Bright: Samurai Soul
It is not saying much that this anime spin-off from David Ayer’s 2017 fantasy-cop fusion is one hundred times better than the film that spawned it, but director KyÅhei Ishiguro more than clears the low bar set for him. His expansive palette of colors is a merciful reprieve from the muddy Los Angeles of the original, the setting moved to feudal Japan for another team-up between orc and human. The samurai Izo and the behemoth Raiden join forces to guard an elf named Sonya in possession of an all-important magic wand — a seemingly straightforward mission made needlessly convoluted by a constant exposition overloads going heavy on mythos that’s difficult to invest in. In the respect that gummed-up writing frequently forestalls the action we’re here to see, Ishiguro stays true to the spirit of Ayer’s work, but he takes far more pleasure in the kinetics of his face-offs.
The Forgotten Battle
The title of Matthijs van Heijningen Jr.’s stiff-lipped war picture foregrounds its clever trick of scope: The conflict in an obscure province of the Netherlands may have been one small, little-remembered corner of World War II, but to those caught up in the espionage operations taking place there, their urgency was life-or-death.

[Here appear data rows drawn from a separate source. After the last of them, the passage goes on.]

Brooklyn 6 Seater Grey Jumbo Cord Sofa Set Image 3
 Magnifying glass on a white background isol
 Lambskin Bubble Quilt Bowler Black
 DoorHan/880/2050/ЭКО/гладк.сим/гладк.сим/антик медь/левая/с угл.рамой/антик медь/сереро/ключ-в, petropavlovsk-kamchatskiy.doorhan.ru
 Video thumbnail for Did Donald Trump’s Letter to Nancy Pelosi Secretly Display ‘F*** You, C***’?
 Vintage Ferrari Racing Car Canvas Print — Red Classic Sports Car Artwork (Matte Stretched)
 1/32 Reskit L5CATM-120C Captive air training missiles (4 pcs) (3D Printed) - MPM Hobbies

The second-most-expensive production in the history of Dutch cinema shines a light on extraordinary acts of valor as the anti-collaborationist locals resist the Nazis setting up shop in Zeeland, with focus on intelligence trafficker Teutje (Susan Radder) and a trio of soldiers caught behind enemy lines. The trailer beats us to the Dunkirk comparison, though regionally specific detail and location shooting in thrall of the Netherlands’ natural majesty lend this film a merit all its own. A clear point of national pride, these events show the human spirit at its most triumphant, proving that quiet heroism cropped all over the globe when war demanded it.